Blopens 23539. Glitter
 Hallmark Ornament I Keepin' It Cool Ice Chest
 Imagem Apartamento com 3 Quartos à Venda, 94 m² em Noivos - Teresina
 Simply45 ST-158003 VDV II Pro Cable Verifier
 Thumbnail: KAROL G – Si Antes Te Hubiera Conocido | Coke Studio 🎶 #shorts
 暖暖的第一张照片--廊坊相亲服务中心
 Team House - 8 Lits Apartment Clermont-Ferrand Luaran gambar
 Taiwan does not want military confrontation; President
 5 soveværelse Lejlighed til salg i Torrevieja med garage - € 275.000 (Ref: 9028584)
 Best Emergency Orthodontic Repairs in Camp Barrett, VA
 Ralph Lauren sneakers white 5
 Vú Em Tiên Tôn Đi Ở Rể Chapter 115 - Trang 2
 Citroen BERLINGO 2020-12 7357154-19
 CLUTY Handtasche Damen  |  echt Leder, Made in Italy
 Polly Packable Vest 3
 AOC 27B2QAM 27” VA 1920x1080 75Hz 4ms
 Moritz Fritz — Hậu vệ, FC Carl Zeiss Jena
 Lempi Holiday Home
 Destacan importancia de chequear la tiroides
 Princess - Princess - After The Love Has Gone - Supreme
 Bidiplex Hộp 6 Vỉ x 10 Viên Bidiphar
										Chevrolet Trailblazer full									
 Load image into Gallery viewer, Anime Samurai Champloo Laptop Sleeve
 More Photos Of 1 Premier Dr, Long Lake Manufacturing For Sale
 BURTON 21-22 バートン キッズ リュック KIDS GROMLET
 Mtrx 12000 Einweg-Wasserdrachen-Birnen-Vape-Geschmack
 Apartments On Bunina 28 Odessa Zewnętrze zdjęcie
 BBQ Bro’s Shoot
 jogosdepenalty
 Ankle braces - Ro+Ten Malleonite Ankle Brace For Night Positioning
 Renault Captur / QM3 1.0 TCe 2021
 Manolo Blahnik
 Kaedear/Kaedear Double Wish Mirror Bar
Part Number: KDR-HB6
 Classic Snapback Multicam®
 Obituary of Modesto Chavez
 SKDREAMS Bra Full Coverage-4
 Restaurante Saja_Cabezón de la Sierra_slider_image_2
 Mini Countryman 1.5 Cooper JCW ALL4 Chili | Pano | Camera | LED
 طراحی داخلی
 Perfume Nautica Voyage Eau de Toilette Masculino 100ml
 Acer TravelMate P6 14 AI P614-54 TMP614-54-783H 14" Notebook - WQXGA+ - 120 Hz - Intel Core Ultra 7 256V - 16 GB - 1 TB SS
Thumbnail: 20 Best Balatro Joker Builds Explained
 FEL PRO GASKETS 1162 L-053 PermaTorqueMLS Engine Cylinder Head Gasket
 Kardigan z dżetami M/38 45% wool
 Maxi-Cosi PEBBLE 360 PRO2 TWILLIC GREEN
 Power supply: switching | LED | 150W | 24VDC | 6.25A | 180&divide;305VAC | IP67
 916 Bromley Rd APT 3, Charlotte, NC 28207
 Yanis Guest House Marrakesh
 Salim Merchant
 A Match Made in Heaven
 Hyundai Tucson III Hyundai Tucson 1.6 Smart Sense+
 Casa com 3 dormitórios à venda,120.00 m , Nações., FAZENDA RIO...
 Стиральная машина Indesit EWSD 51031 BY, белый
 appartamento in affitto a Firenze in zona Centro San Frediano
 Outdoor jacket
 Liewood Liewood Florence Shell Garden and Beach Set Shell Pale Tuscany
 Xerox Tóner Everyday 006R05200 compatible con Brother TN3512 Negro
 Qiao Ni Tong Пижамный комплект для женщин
####################
→ Task instructions
Return the lines above that include the string "Thumbnail".

→ Solution to the exercise
 Thumbnail: KAROL G – Si Antes Te Hubiera Conocido | Coke Studio 🎶 #shorts
Thumbnail: 20 Best Balatro Joker Builds Explained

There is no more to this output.